The Rainy Season: A Predictable Massacre
The timing of the Mazvihwa collapse is particularly galling. Every year, as the rains begin, the Midlands province records an increase in deaths. The soil in areas like Zvishavane and Shurugwi is notoriously unstable when saturated. Without timbering—the process of using wooden beams to support the walls of a shaft—a collapse is almost guaranteed.
Yet, the mining continues. The economic crisis in Zimbabwe is so severe that the risk of being buried alive is weighed against the certainty of starvation. “We know the ground is soft,” says a miner in Zvishavane. “But if I don’t go down today, my children don’t eat tonight. The rain is dangerous, but hunger is more dangerous.”
The police have expressed concern about “unsafe mine shafts,” but concern is not a policy. There are no site inspections for artisanal operations, no mandatory safety training, and no emergency response teams equipped to handle deep-shaft rescues. When a collapse happens, it is often fellow miners who have to dig out their comrades with their bare hands, often risking their own lives in the process.
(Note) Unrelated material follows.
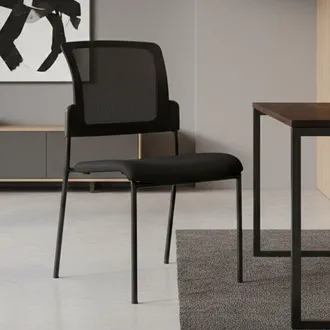 Serena Silla De Oficina Dangor, Silla De Sala De Espera De Oficina Acolchada, Silla De Espera Ergon&oacute;mica, 58x47h87 Cm, Negro - Dmora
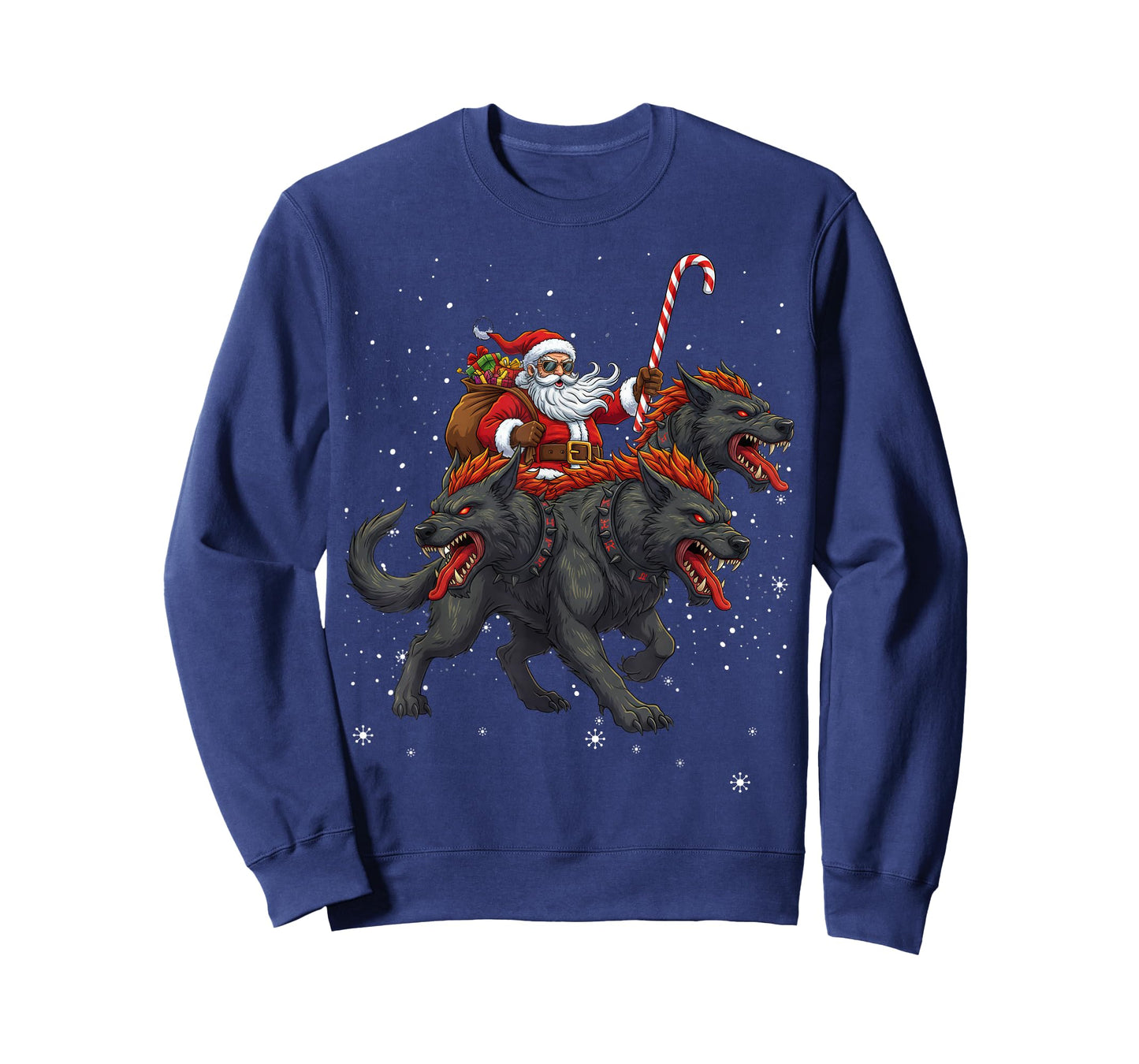 Santa Claus Riding Cerberus Mythical Christmas Monster T-Shirt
The Missing Voices of the Families
Behind every headline about a mine collapse is a family shattered. In Hlelambili village, the Sibanda family is waiting for news that they already know is bad. They speak of the victims as hardworking men who were “the pillars of the home.”
“Our government tells us that Zimbabwe is open for business,” says a relative of one of the Mazowe victims. “But for us, Zimbabwe is a graveyard. They take the gold, they take the land, and they leave us to bury our children.”
The grief is compounded by the lack of closure. In many artisanal accidents, the shafts are so unstable that recovery efforts are abandoned, leaving the bodies of the miners to rot in the very holes where they died. This is the ultimate indignity—to be forgotten by the state and left in the earth like a discarded tool.
Conclusion: A Call for Real Accountability
The tragedy at Mazvihwa Mine is a loud, echoing indictment of the Zimbabwean state. It is a story of a nation that has failed its most vulnerable citizens. The “blood gold” economy, supported by the greed of barons and the indifference of officials, will continue to claim lives as long as the sector remains in the shadows.
Formalisation is not a complex academic concept; it is a life-saving necessity. It means giving miners legal rights to their claims, providing them with technical support from geological experts, and ensuring that no one goes down a 40-metre shaft without proper support. It means breaking the power of the gold barons and ensuring that the wealth of Zimbabwe’s soil benefits all its people, not just a connected few.
Until that happens, the rains will continue to fall, the ground will continue to soften, and more young men will be buried alive for the sake of a few grams of gold. The Mazvihwa tragedy isn’t just an accident. It’s a crime. And until someone is held accountable, the ledger of death will only grow longer.
The glint of gold in a Zvishavane pan is not worth the life of a single Zimbabwean. It is time for the government to stop expressing “concern” and start enforcing the law. Anything less is an admission that in the eyes of the state, the gold is more valuable than the people who find it.